Apply this rationale to US-born children of undocumented immigrants, it becomes apparent immediately why denying them coverage under the Citizenship Clause makes no sense. Under current law, if an undocumented immigrant or their US-born child were to harm a US citizen, the US citizen wouldn’t have to petition the government of the immigrant’s native country for recourse; they could simply sue the undocumented offender in US court. That’s because an undocumented immigrant and their US-born children are, in fact, subject to US law. If you brought that undocumented immigrant or their child to US court, they’d still have certain constitutional rights despite their immigration status! This is clearly different from the “original” intent.
There’s no logical way to argue, therefore, that undocumented immigrants or their children are not subject to US jurisdiction. To argue otherwise would realize conservatives’ greatest nightmare: undocumented immigrants able to assault US citizens with relative impunity, lest the US government need to petition the native country of every suspect or offender. Children of refugees, who are often classified as “stateless” and thus not subject to any foreign power, would also still be protected by the Citizenship Clause. This would mean that many prominent European conservatives — themselves descended from illegal immigrants, including, perhaps, Melania Trump and her son — would suddenly find themselves without US citizenship. You can almost smell the conservative about-face.
Yet, putting this ridiculousness aside, we must confront two sobering realities.
First, the current Supreme Court might uphold a narrowing of the Citizenship Clause, even if it upends literally over 100 years of precedent, even it it were unconstitutional.
Second, stripping people of their citizenship is often one of the first steps taken by tyrants and authoritarians before an ethnic or ideological purge.

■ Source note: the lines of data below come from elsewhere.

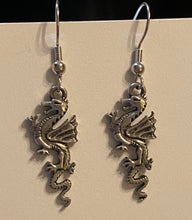 Load image into Gallery viewer, Dragon Rampant - silvertone pewter dragon earrings UAB Blazer fan, sports fan, fantasy Game of Thrones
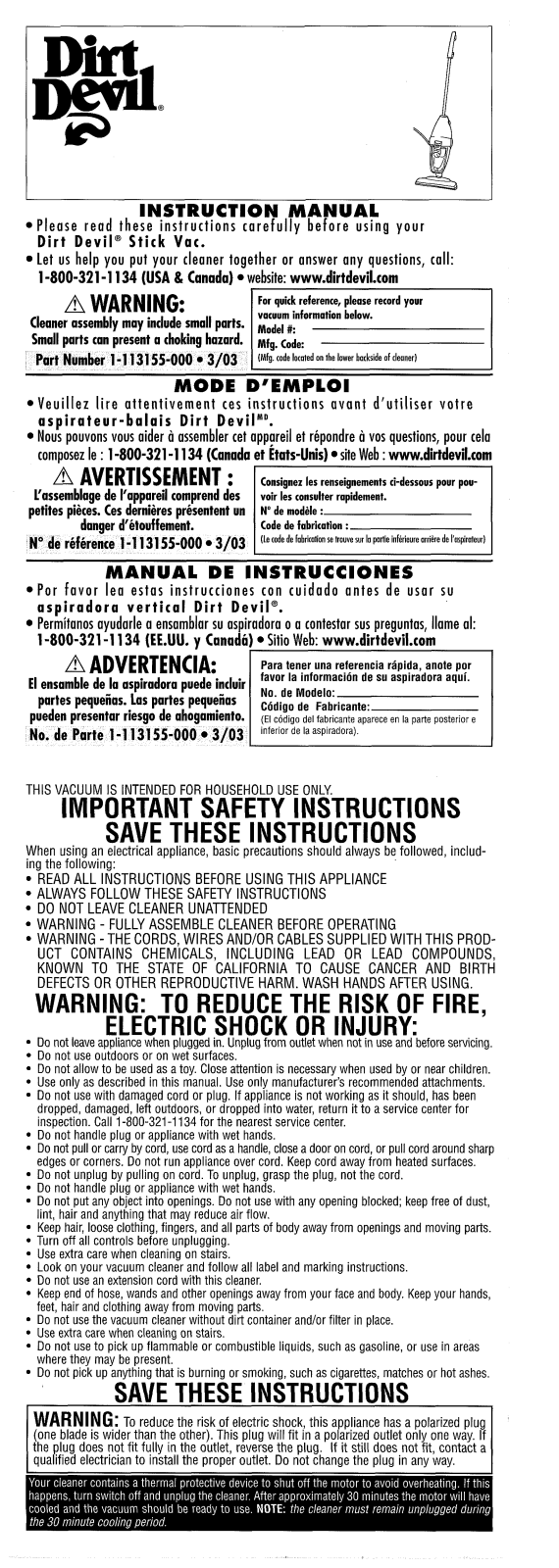 Dirtdevil M084100HD User Manual - ManualMachine.com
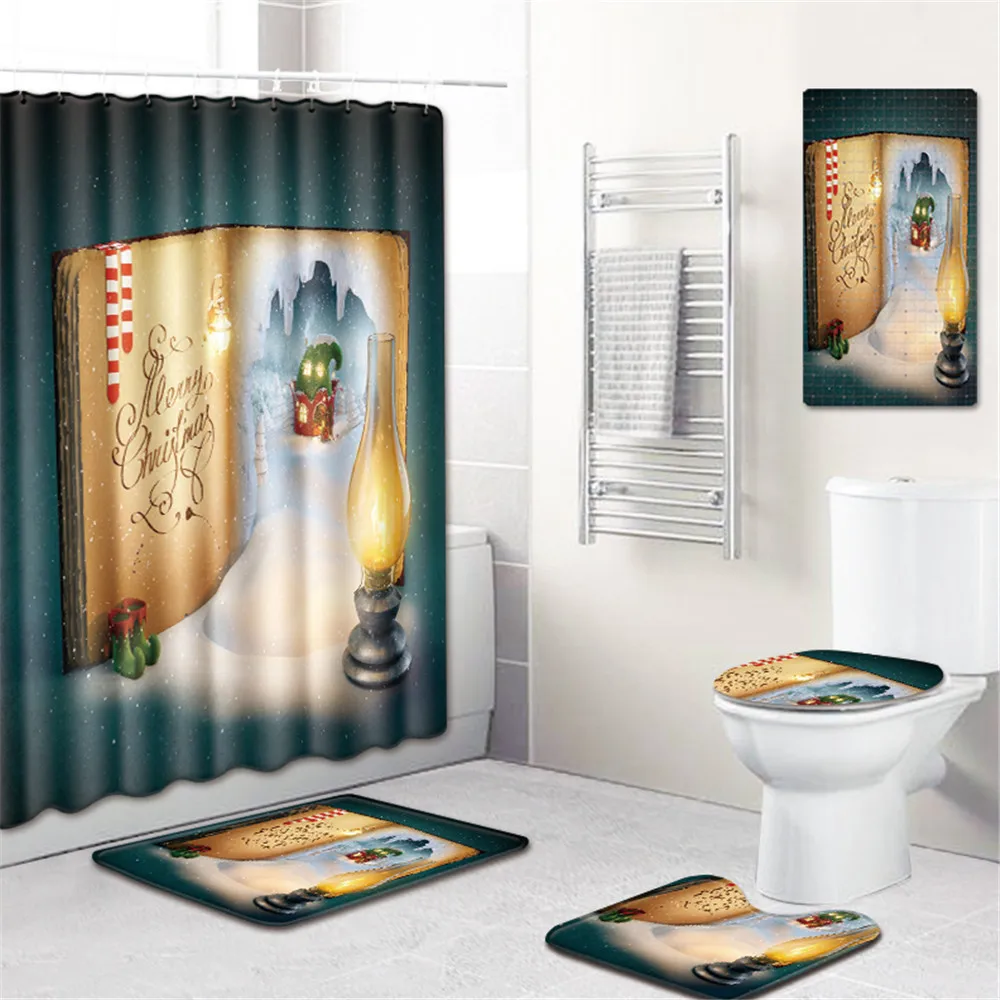 WD007 T шторы для ванны с рождественским узором для ванной коврик из ПВХ для душа Противоскользящий коврик для спальни 3D коврики для ванной в коврик для туалета Toillete чехол для сиденья - Цвет: WD007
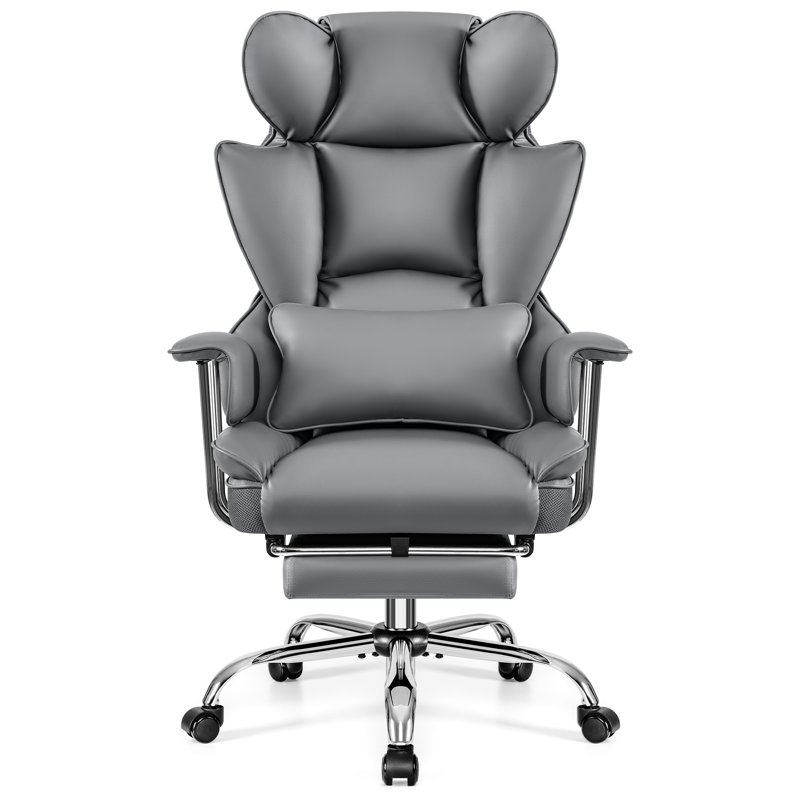 Fauteuil de direction en similicuir, Gris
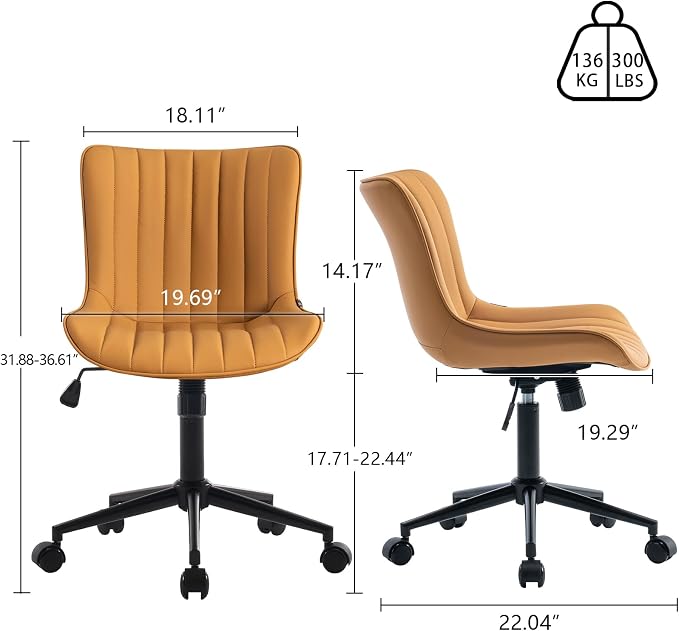 YOUNIKE Office Desk Chair with Wheels Armless Vanity Chair Modern Tan | Faux Leather Upholstered with Rocking Back, Swivel Height Adjustable Small Cute Computer Rolling Task Chair Ergonomic 300lb - Image 2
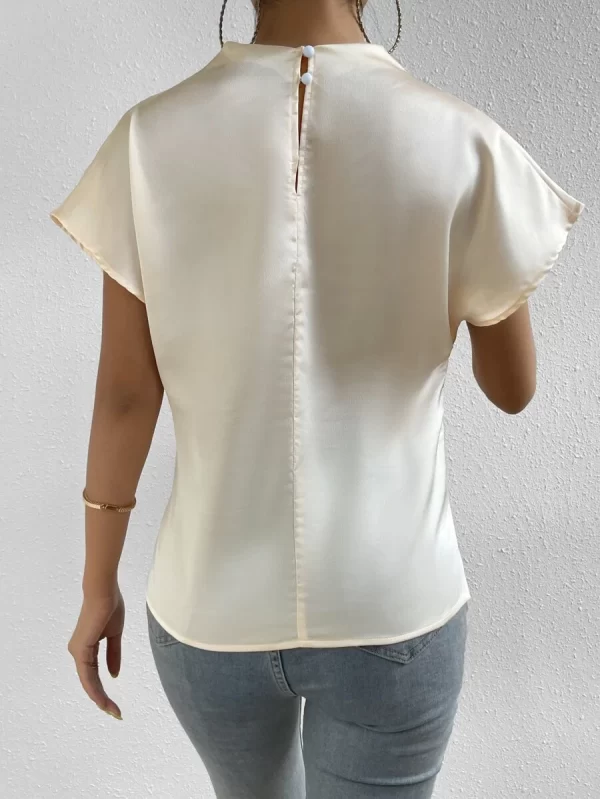Mock Neck Batwing Sleeve Satin Blouse - Image 3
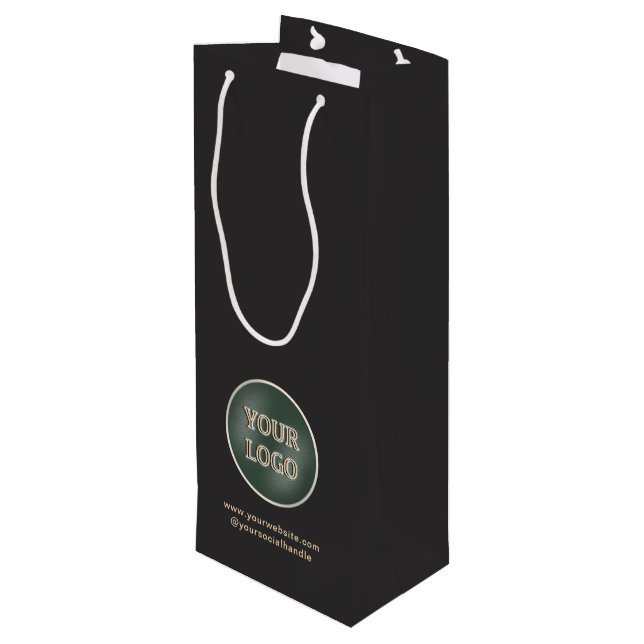 Minimalist Promotional Business Company Logo Wine Gift Bag (Back Angled)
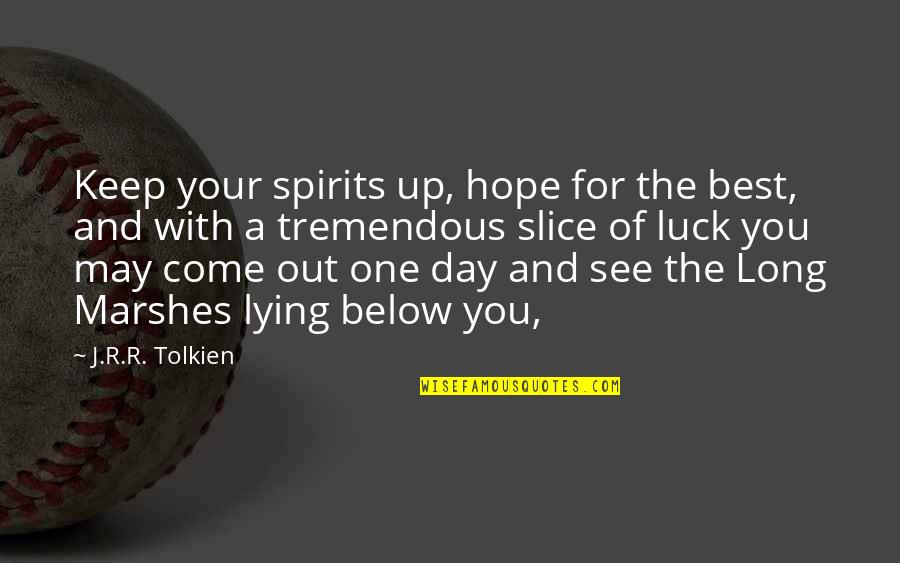 Hope For The Day Quotes By J.R.R. Tolkien: Keep your spirits up, hope for the best, Hope For The Day Quotes By J.R.R. Tolkien: Keep your spirits up, hope for the best,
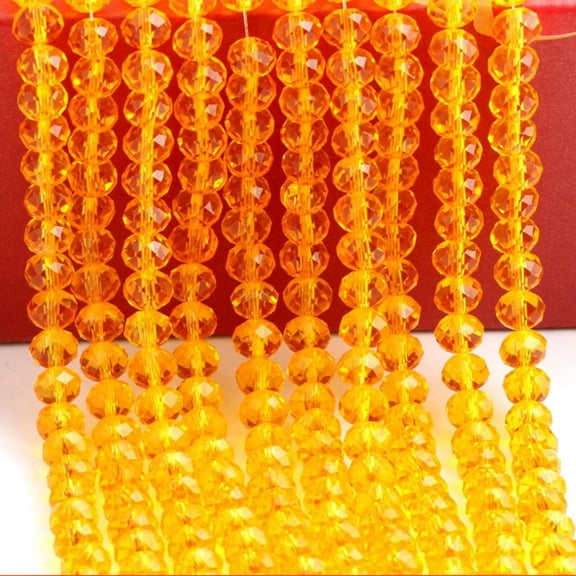 U8MO 200 PCS Orange Crystal Glass Faceted Rondelle Beads 6X4mm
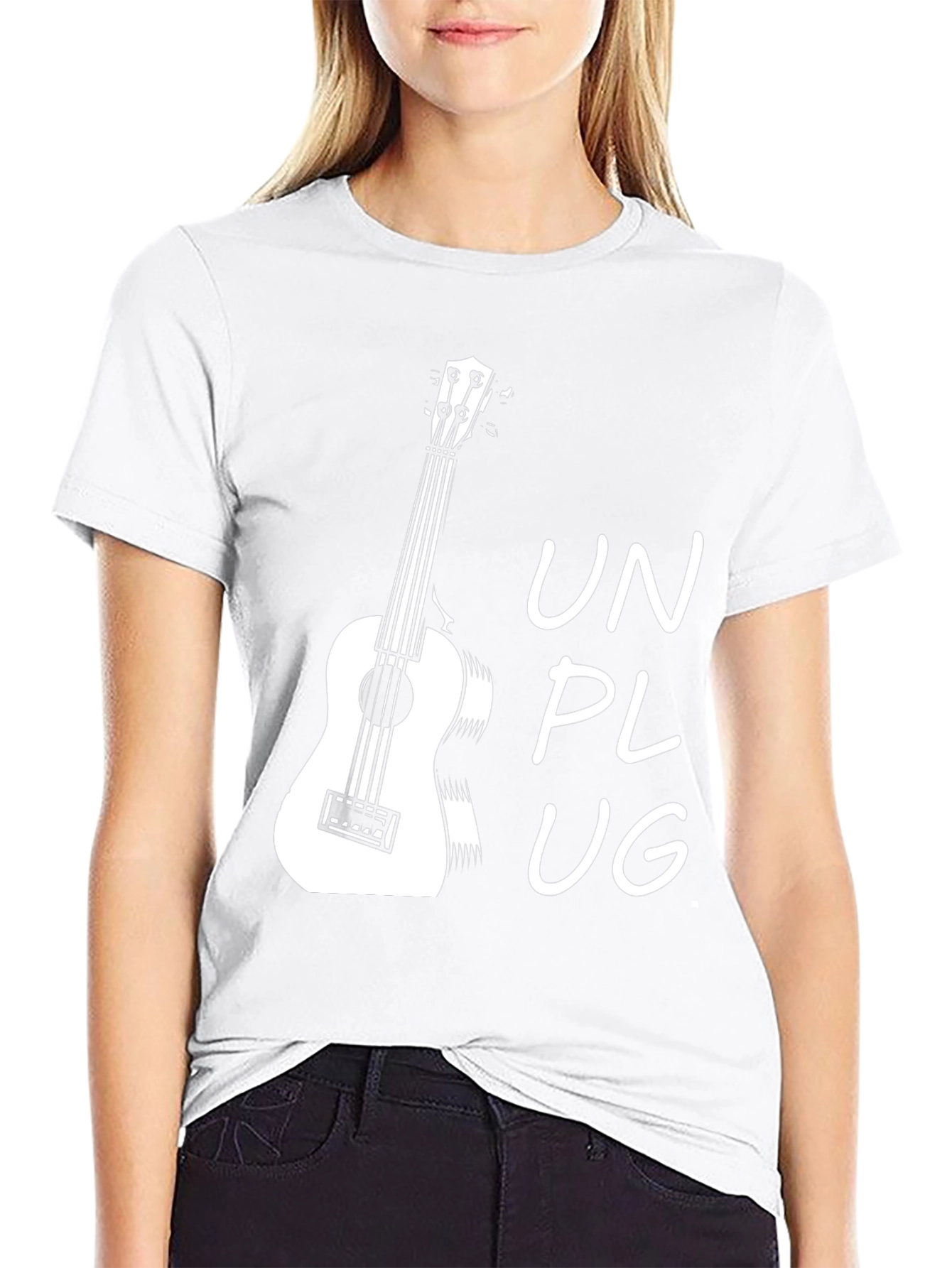 Unplug Ukulele Graphic T-Shirt - Black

The Supreme Court, now further radicalized by the appointment of Justice Brett Kavanaugh, has already shown a propensity toward stricter immigration laws. This means the best hope for a legal argument would be the Supreme Court deciding that a change to the Citizenship Clause would only be possible by the Congress, not by executive order. This would all but kill Trump’s plan, as there aren’t enough Republicans (let alone Democrats) in Congress who’d support stripping people of their citizenship. Still, as we saw with the Muslim ban, the Supreme Court has become increasingly reluctant to challenge executive authority.
Trump’s plan would be horrifying: history is littered with despots who delighted in stripping minority groups and government critics of their citizenship and their rights. Early on, Hitler stripped Jews of German citizenship. The Soviet Union famously set up political committees entirely devoted to stripping citizenship from political dissidents. Many brutal Middle East regimes also strip citizenship from political dissidents. Given that Trump has stated that public dissidents should be stripped of citizenship, it’s safe to assume how thoroughly he would abuse such a power, if granted to him.
Trump and his supporters are relying on a plethora of inaccurate interpretations and debunked legal arguments to push an astoundingly fascist policy favored by some of the worst actors in human history. Given America’s sad current political and judicial climate, it doesn’t mean that the policy won’t be enacted. It very well could be.